Visible Hands joins other efforts, from Golden Seeds to Smarter in the City, that aim to help underrepresented entrepreneurial groups. In launching Visible Hands, Acheampong said, the cofounders began with a provocative question: “How can we manufacture privilege?”
Many of us think of privilege as a bad word ― something white men have at the expense of most everyone else. But what if privilege could be created, shared, and dispensed as a way to help level the playing field?
It’s something Lakshmi Balachandra, a Babson College professor who teaches entrepreneurship, has also been examining as it relates to gender and VC investing. She tracked 409 entrants in the annual MIT Elevator Pitch Competition and found that seven years later the women entrants received VC funding at the same rate as the men.
Her big takeaway? That women entrepreneurs who were part of the pitch competition benefited from the MIT imprimatur and networks connected to a university known for churning out innovations.
“Without privilege, women and minorities are excluded,” said Balachandra, but “being part of MIT and having that status got them into an equal place.”
In their careers, the Visible Hands founders felt they had privilege extended to them.

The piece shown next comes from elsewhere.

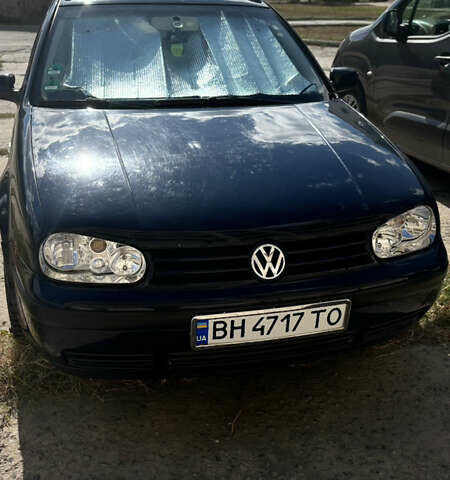 Синий Фольксваген Гольф, объемом двигателя 1.39 л и пробегом 248 тыс. км за 5150 $, фото 18 на Automoto.ua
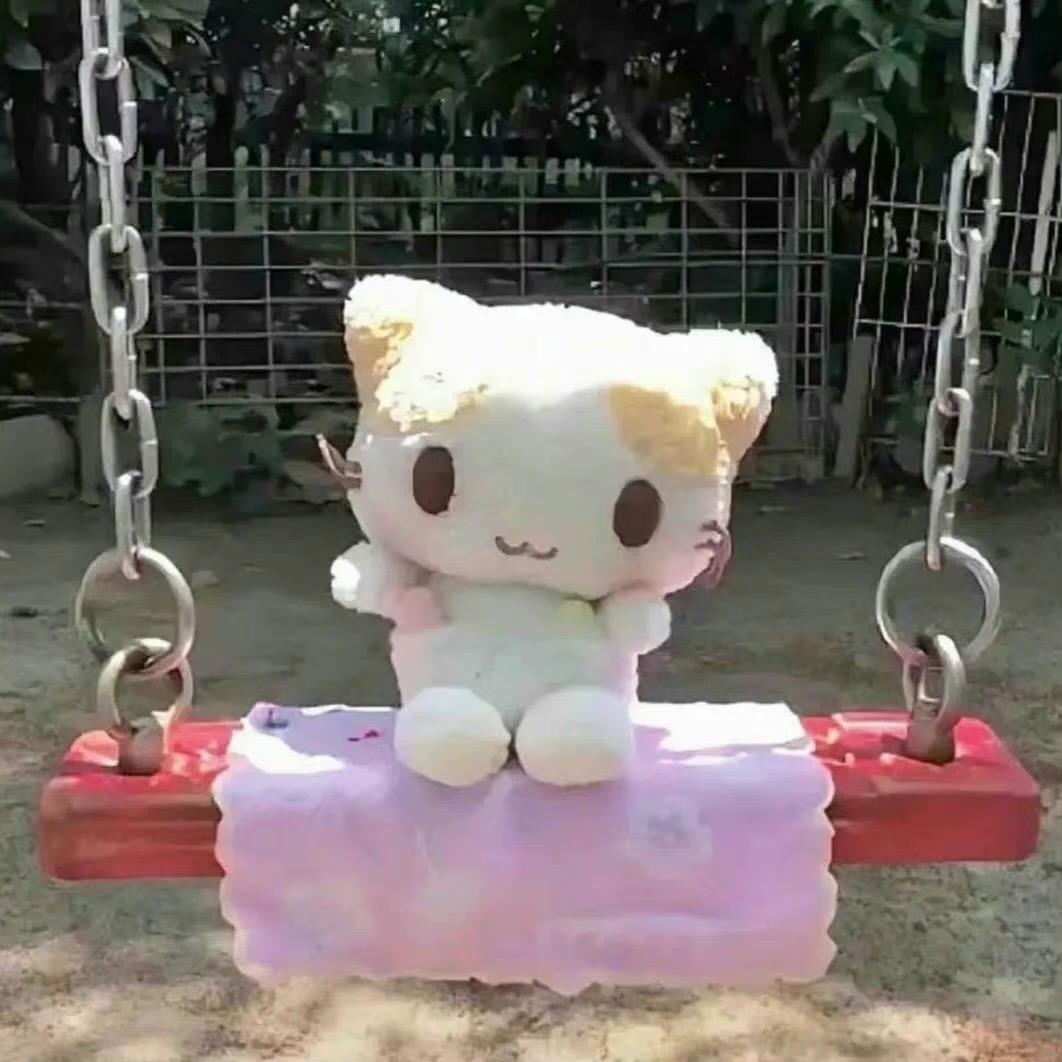 我好困.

Acheampong worked at Goldman Sachs and Summit Partners before going to the Wharton School for his MBA and Harvard’s Kennedy School for a master’s degree. Kang got involved in accelerators and launched his own social impact startup City Awake, which later became part of the Greater Boston Chamber of Commerce to help energize young professionals.
Ferrine, like Acheampong, worked in the financial services sector, and armed with an MBA from Boston College, she has worked at institutions like John Hancock and Brown Advisory, and has raised capital, overseen investment strategies, and advised foundations.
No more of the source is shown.